Go behind the curtain of one of the film world’s least understood art forms with the visual architect of 007
Who can forget the eloquence, sex appeal, and sheer luck of James Bond? The bombshells may vary, Bond might be played by Sean Connery or Roger Moore, but the style remains constant, an expectant suit of clothes simply waiting for the right actor to dive in and hoist his (shaken) martini in the air. Populated with international intrigue and riddled with gadgets, the world of Bond introduced a new kind of cinema, the look and feel of which was engineered by Ken Adam.

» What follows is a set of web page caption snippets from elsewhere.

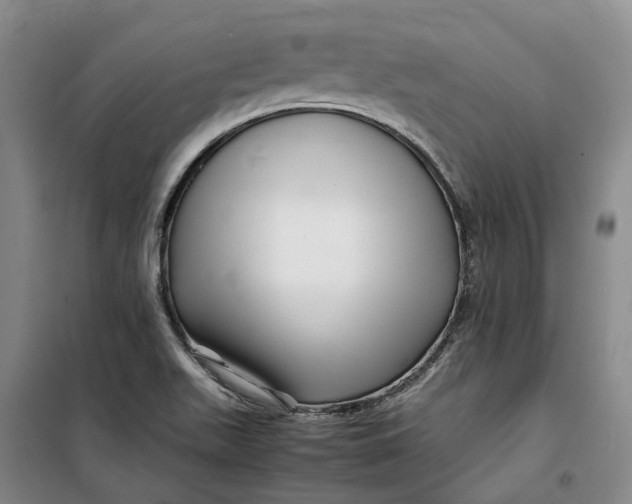 X0000099461511200805301523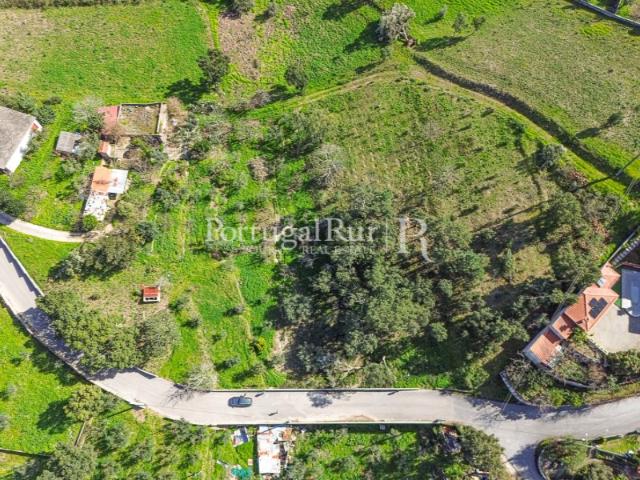 Terreno para construção em Proença a Nova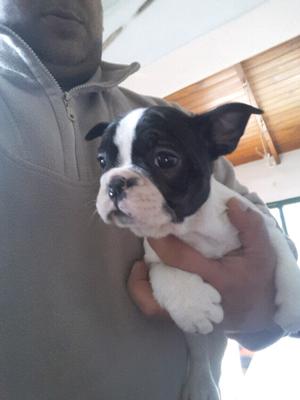 Cachorros BULLDOG FRANCES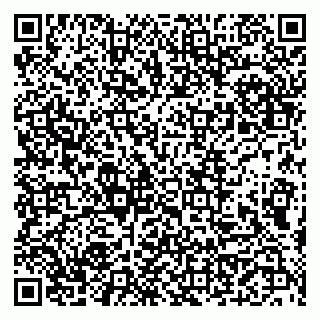 vCard 79509247919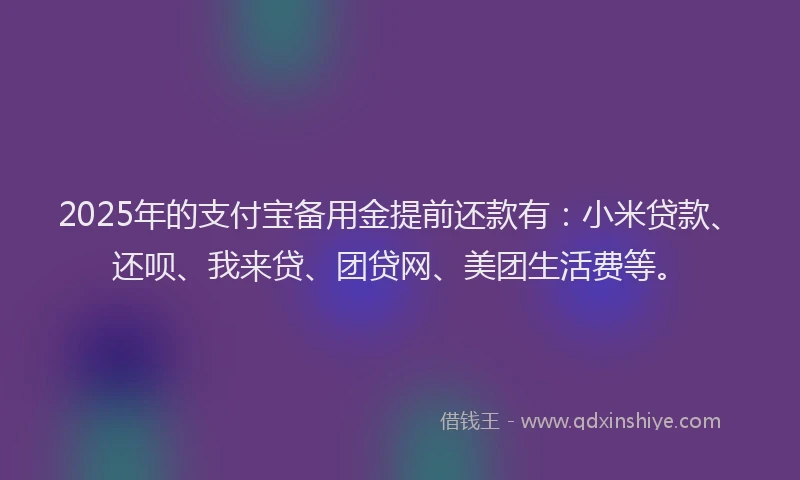 2025年的支付宝备用金提前还款有：小米贷款、还呗、我来贷、团贷网、美团生活费等。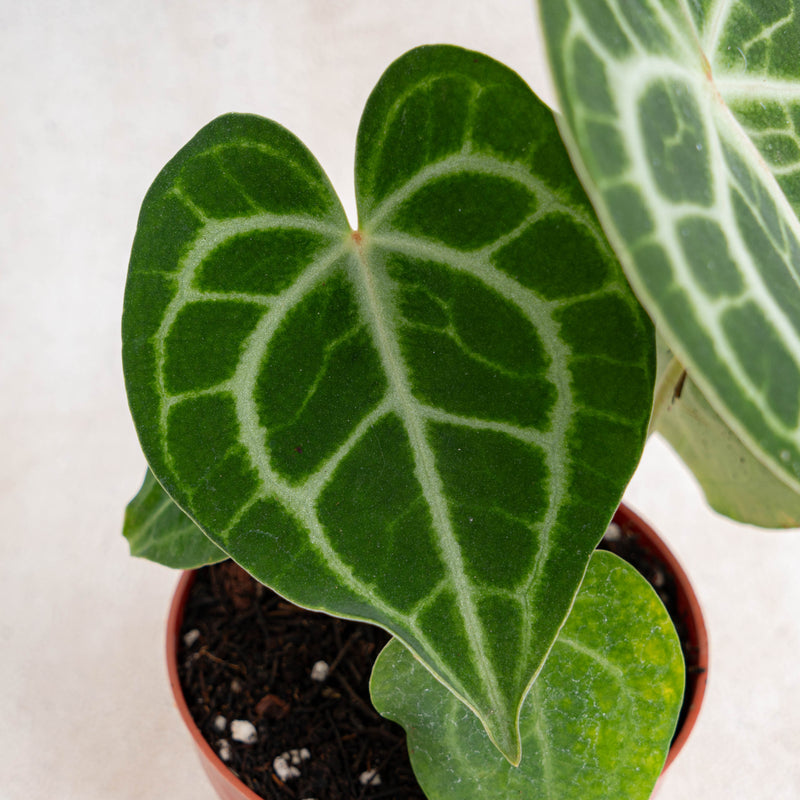 Anthurium queen clarinervium-Aroidasia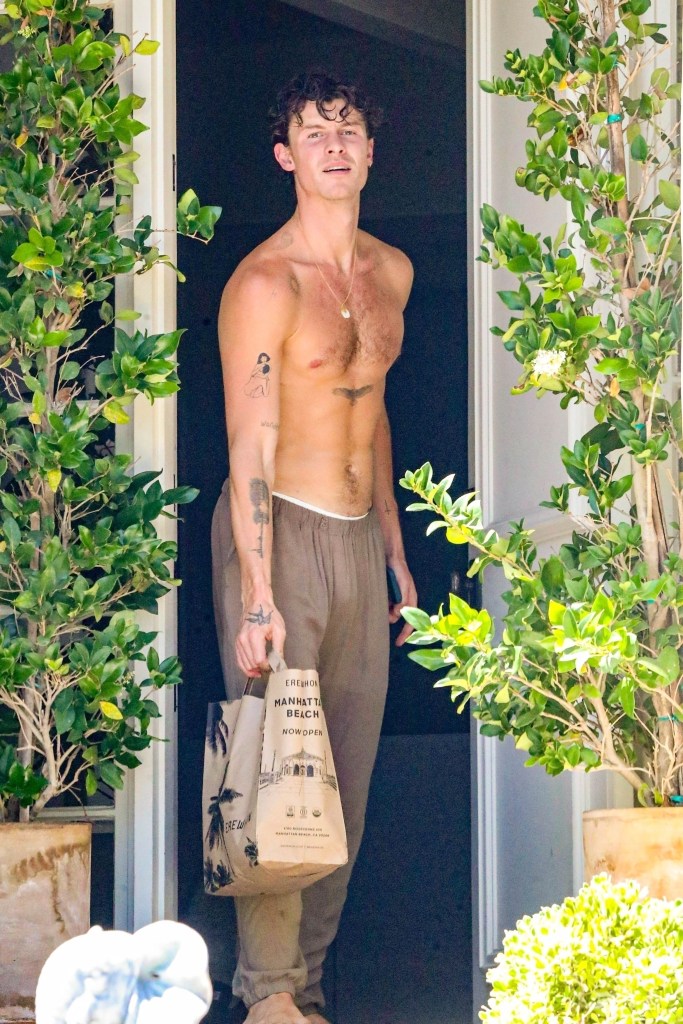 Shawn Mendes shows off his new eagle chest tattoo while getting a food delivery at his LA home.
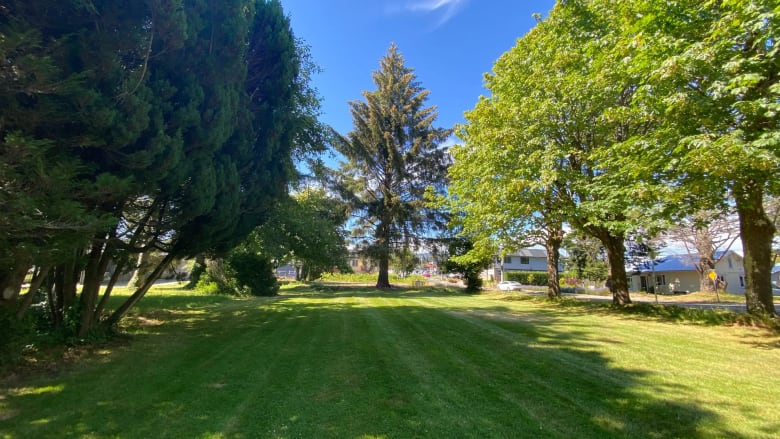 A park with a row of trees on a sunny day.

The mastermind behind seven of the first eleven Bond films, including Dr. No, Adam has been lauded as one of the world’s greatest production designers. First recognized during the filming of Around the World in Eighty Days, he has managed to cultivate a rapt following in one of the cinema’s most underappreciated professions, and with it a reputation for grandly expressionistic sets, such as the war room in Dr. Strangelove and Blofeld’s volcanic headquarters in You Only Live Twice. In this career-spanning series of interviews with Christopher Frayling, Adam shares the inspiration behind his work—from rebuilding eighteenth-century galleons to designing Bond’s moonbuggy—in the process revealing little-known anecdotes of a life begun in Weimar Berlin and nearly ended in World War II, only to piece itself back together and revolutionize the medium of film in its color-saturated golden age.